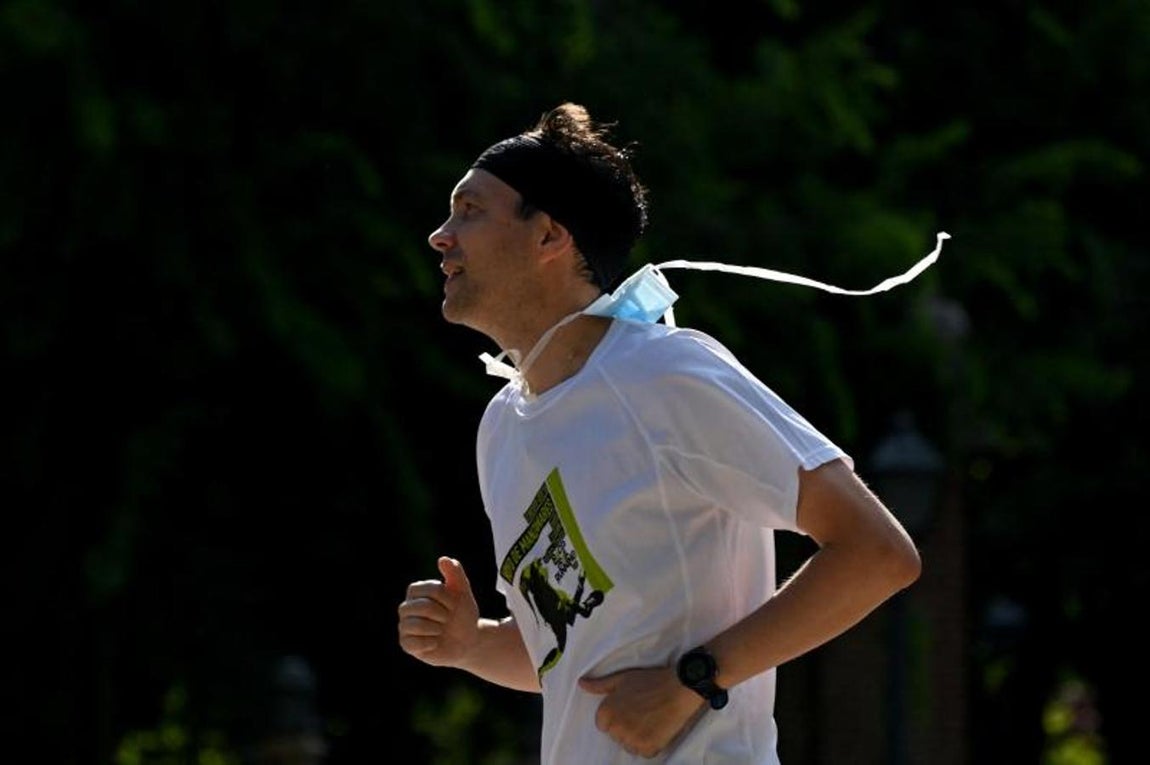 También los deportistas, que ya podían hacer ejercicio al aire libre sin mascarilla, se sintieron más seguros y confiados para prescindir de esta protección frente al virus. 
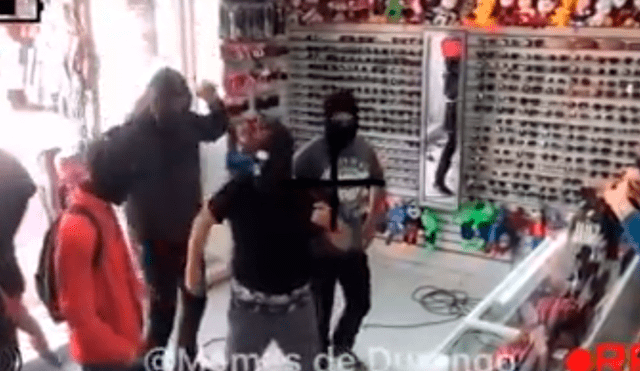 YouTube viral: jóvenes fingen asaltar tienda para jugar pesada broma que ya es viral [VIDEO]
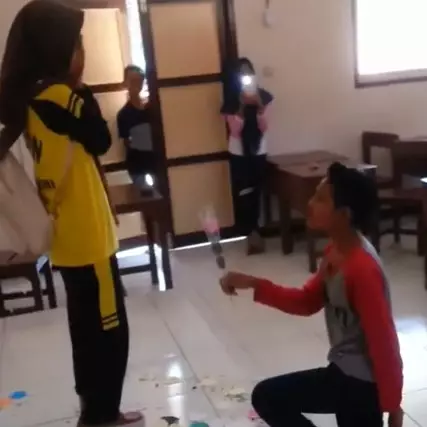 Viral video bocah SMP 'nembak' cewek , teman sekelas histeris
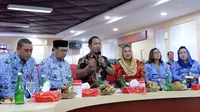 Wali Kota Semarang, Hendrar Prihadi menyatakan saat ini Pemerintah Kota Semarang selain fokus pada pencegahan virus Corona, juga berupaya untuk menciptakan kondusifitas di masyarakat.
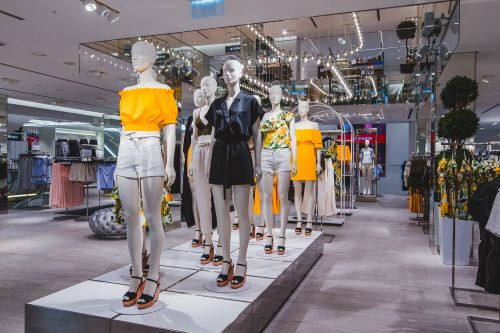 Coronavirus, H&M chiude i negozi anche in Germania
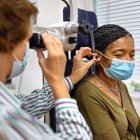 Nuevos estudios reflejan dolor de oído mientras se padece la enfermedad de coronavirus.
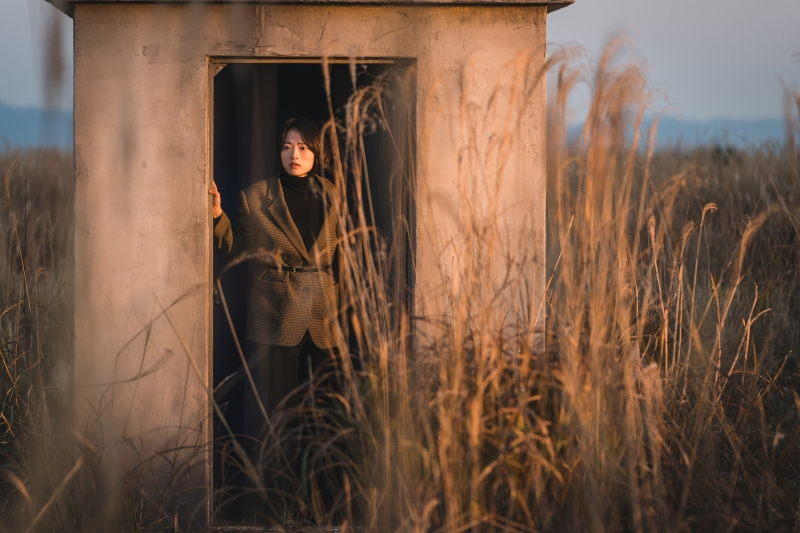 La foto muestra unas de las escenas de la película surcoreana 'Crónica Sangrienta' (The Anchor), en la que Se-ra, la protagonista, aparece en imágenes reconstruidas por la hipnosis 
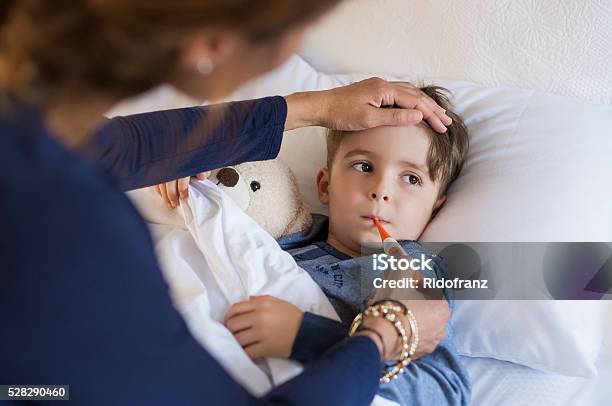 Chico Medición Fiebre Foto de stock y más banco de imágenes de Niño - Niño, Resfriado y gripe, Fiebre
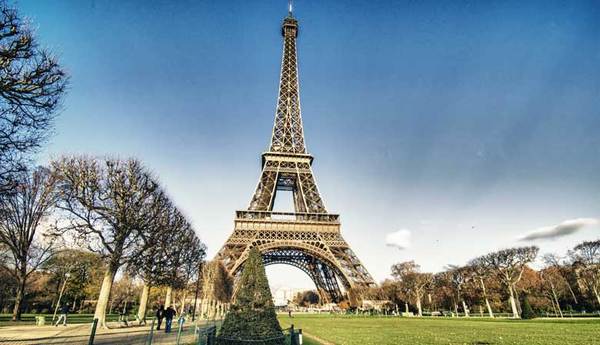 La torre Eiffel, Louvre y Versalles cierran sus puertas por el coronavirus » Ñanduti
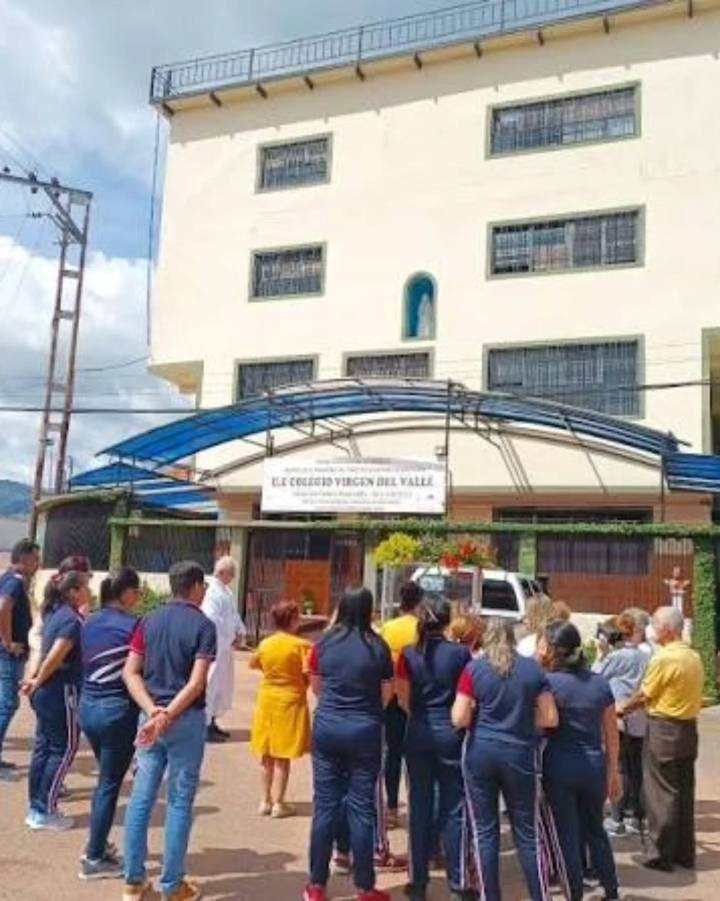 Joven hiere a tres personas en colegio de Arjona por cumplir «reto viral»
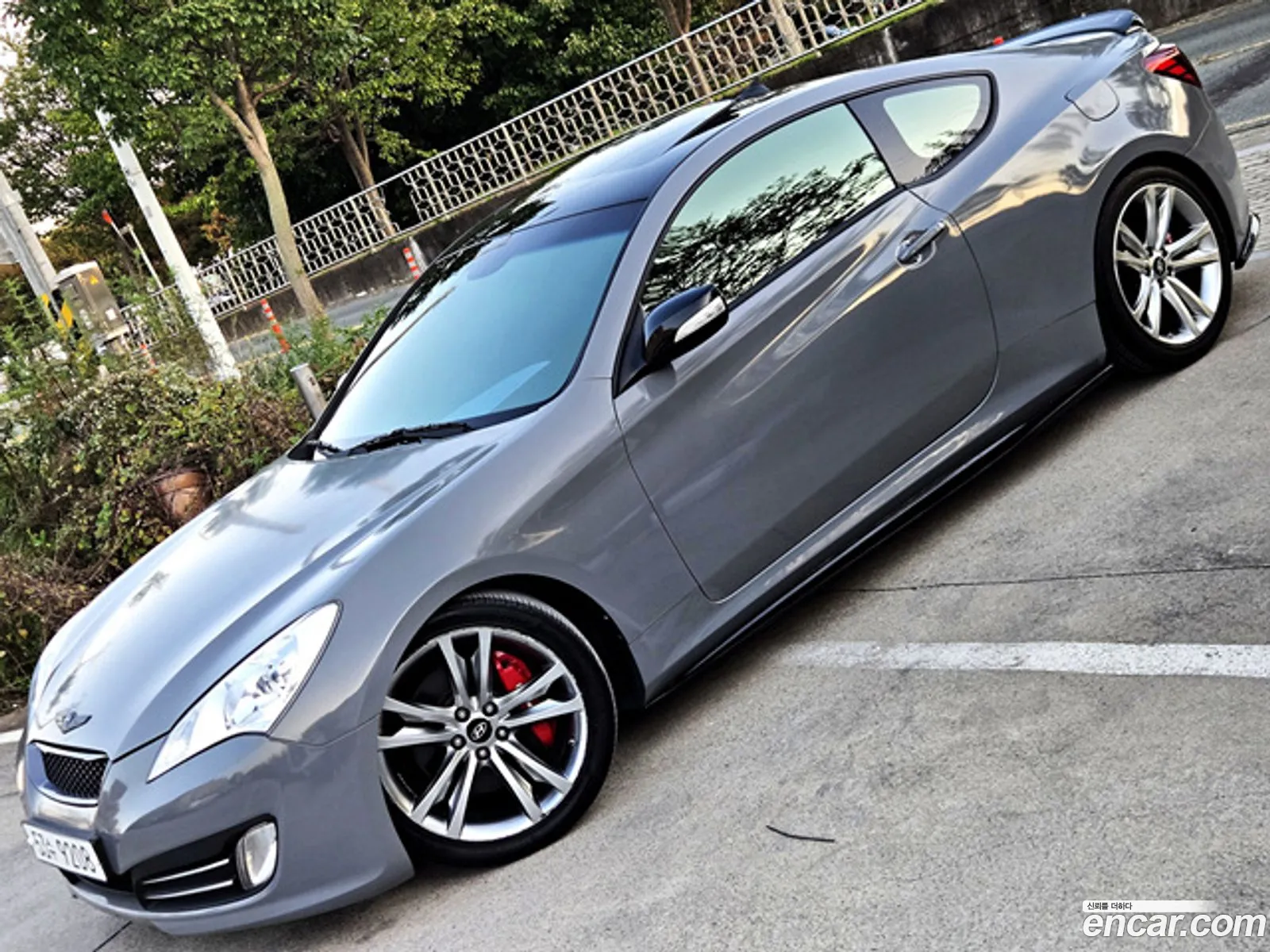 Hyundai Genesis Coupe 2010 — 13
########
**AIM OF THE TASK:**
Up to and including the last line of the listing, starting at the line with "Joven hiere a", extract every line exactly and leave out the pictures.

**EXERCISE RESPONSE:**
 Joven hiere a tres personas en colegio de Arjona por cumplir «reto viral»
 Hyundai Genesis Coupe 2010 — 13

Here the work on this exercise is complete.